** Opening DATA block **

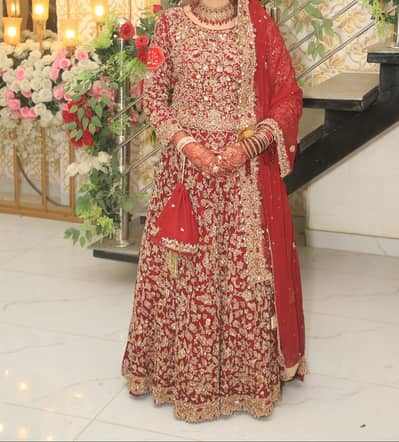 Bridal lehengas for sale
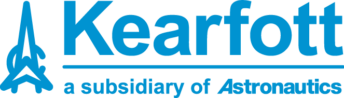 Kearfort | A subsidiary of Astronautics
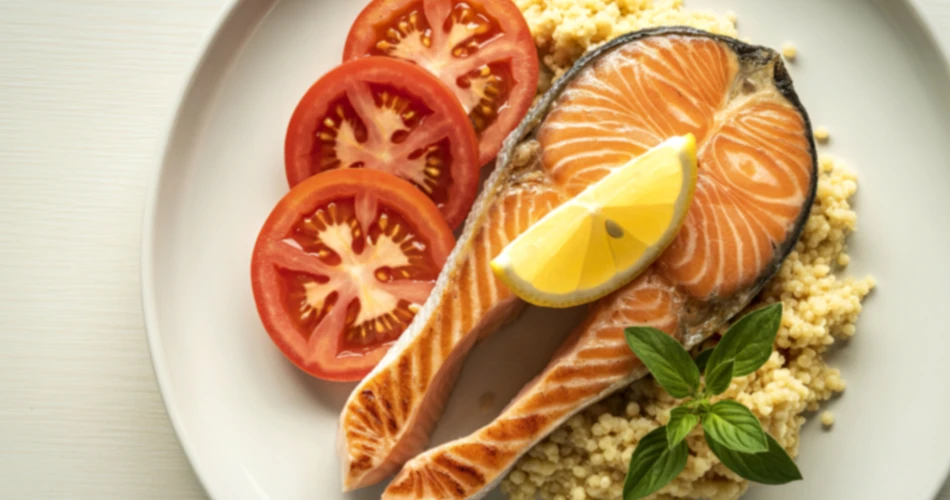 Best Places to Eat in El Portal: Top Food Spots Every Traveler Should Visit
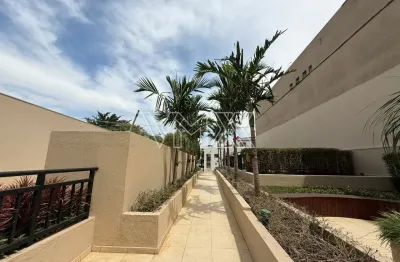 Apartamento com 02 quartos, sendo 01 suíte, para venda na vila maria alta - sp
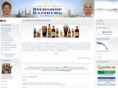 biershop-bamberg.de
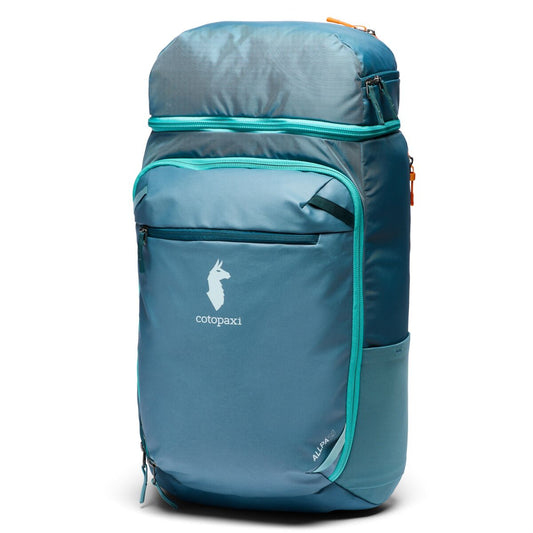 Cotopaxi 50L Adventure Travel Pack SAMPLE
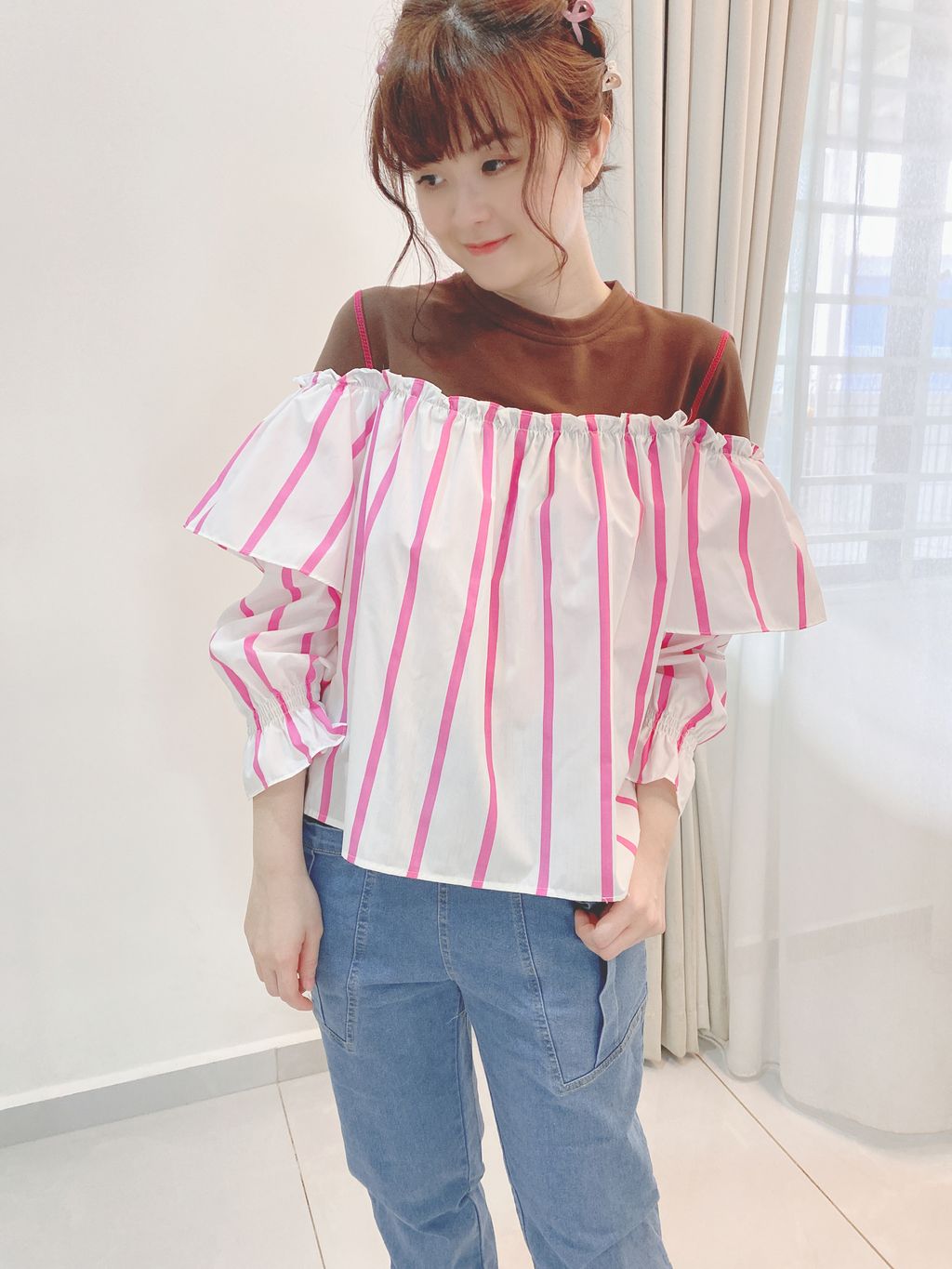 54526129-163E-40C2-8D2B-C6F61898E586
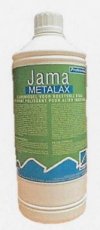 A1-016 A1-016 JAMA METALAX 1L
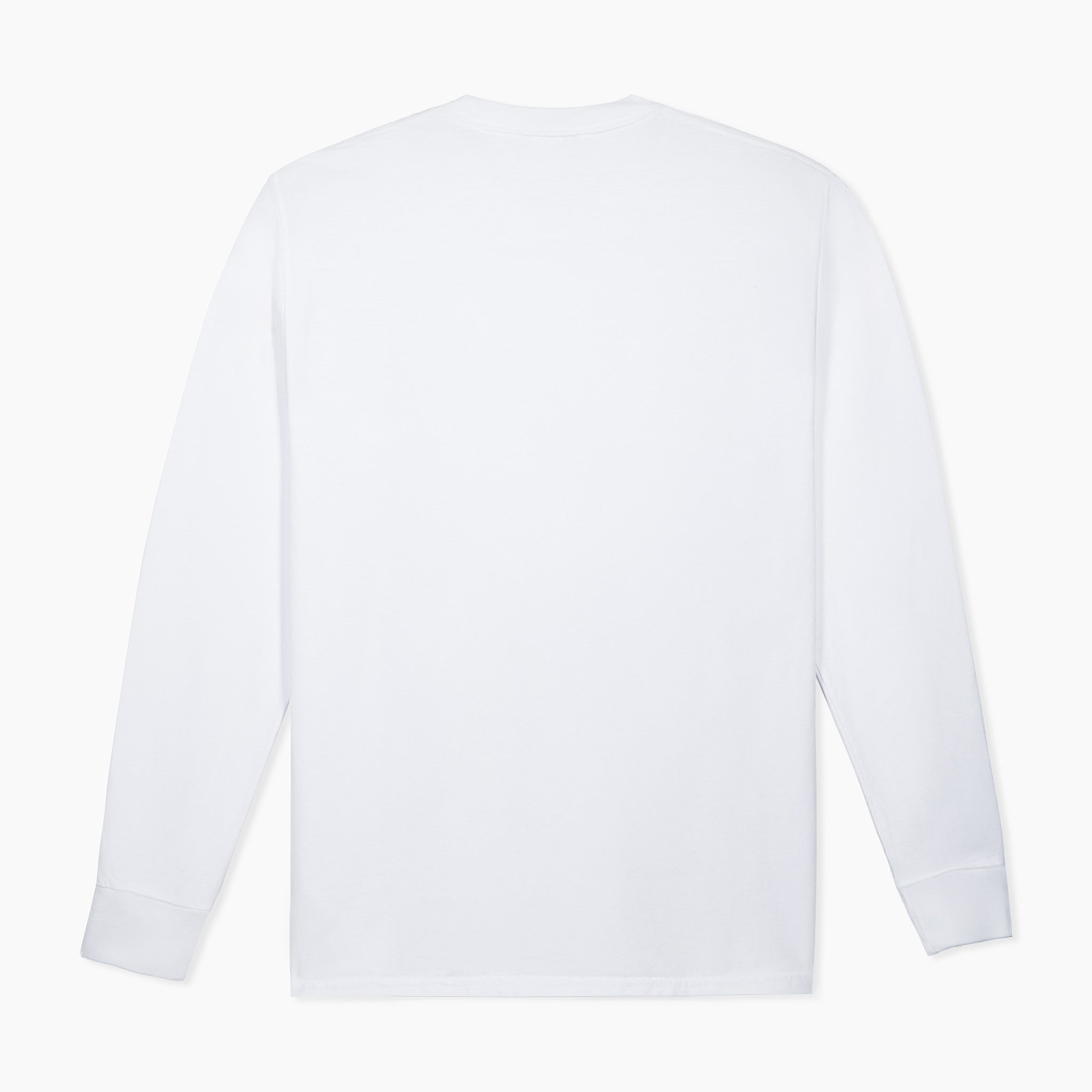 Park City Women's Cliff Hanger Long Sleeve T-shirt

** Closing DATA block **

- **GOAL OF THE EXERCISE**
Each line from the one containing "Apartamento com 02" down to the final line of the records above must be reproduced exactly; no pictures go into the copy.

- **YOUR RESPONSE**
 Apartamento com 02 quartos, sendo 01 suíte, para venda na vila maria alta - sp
 biershop-bamberg.de
 Cotopaxi 50L Adventure Travel Pack SAMPLE
 54526129-163E-40C2-8D2B-C6F61898E586
 A1-016 A1-016 JAMA METALAX 1L
 Park City Women's Cliff Hanger Long Sleeve T-shirt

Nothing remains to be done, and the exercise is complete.